Avant d’ouvrir ce nouveau livre de Jean-Hugues Larché nous l’avions déjà accompagné dans quelques unes de ses déambulations artistico-littéraires comme mentionné ci-dessus, nous connaissons son talent littéraire, sa culture étendue, sa liberté et son ouverture d’esprit hors des chapelles institutionnelles, mais nous avions une interrogation. Alors que tant de grands anciens ont associé leur nom à la Sérinissime, comment allait-il réussir à trouver un angle propre pour nous faire partager sa passion ?

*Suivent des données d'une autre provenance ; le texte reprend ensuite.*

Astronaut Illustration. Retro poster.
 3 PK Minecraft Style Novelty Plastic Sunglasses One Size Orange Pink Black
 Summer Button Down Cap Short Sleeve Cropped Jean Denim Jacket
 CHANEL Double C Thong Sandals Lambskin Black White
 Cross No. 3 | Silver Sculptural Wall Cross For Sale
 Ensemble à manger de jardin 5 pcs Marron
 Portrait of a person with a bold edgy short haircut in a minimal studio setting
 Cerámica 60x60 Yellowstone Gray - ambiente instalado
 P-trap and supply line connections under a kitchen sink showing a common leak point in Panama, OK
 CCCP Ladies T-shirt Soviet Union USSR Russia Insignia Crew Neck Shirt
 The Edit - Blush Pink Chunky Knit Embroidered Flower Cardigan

Une partie de la réponse se trouve dans la conclusion de l’introduction : Venise, lettre par lettre :

Vision du site maritime inspirant une infinie liberté.

Ecoute de Vivaldi ou de Monteverdi et de ses mystérieux sons de nuit.

Narines ouvertes à l’air iodé, aux parfums de femme volant ici à gré.

Ingestion délicate de la cuisine des pêches lagunaires et des boissons à bulles.

Saisie de la main des pierres de ce roc de beauté scuipté par des orfèvres.

Existence physique et amoureuse, là, maintenant et pas ailleurs.

J-H. L

Voilà le programme, il est dans ce préambule,

L’esprit dionysiaque en toile de fond

Dans ce programmme on retrouve l’esprit dionysiaque dont il a eu l’occasion de déclarer par ailleurs :

« …[Dionysos] qui dynamise ma vie depuis plus d’un quart de siècle »

J-H. L Dionysos à la lettre

« Liberta, ton nom est femme. L’élégance des embarcations de caractère féminin, la ligne, le tracé, la grâce du contour, la générosité s’inspirent du corps des femmes, des modèles des peintres. Ici ou là, les choses glissent et ondulent à plaisir. Venise a été conçue pour ça. »

Quintet pour Venise , p. 32

Je prends un café au bar Laguna, où la serveuse est un vrai Titien. Une peinture sur pied d’environ vingt-cinq ans, jambes musclées, regard noisette, chevelure ondulée blond vénitien, bien sûr. Elle est assez froide au premier abord, plus cordiale ensuite. Le caffè lungo est bon. Après un mutuel et cordial Ciao, je me dirige vers la Scuola grande dei Carmini au concentré des peintures de Tiepolo. Je prends une nouvelle fois la céleste vérité du peintre en pleine face.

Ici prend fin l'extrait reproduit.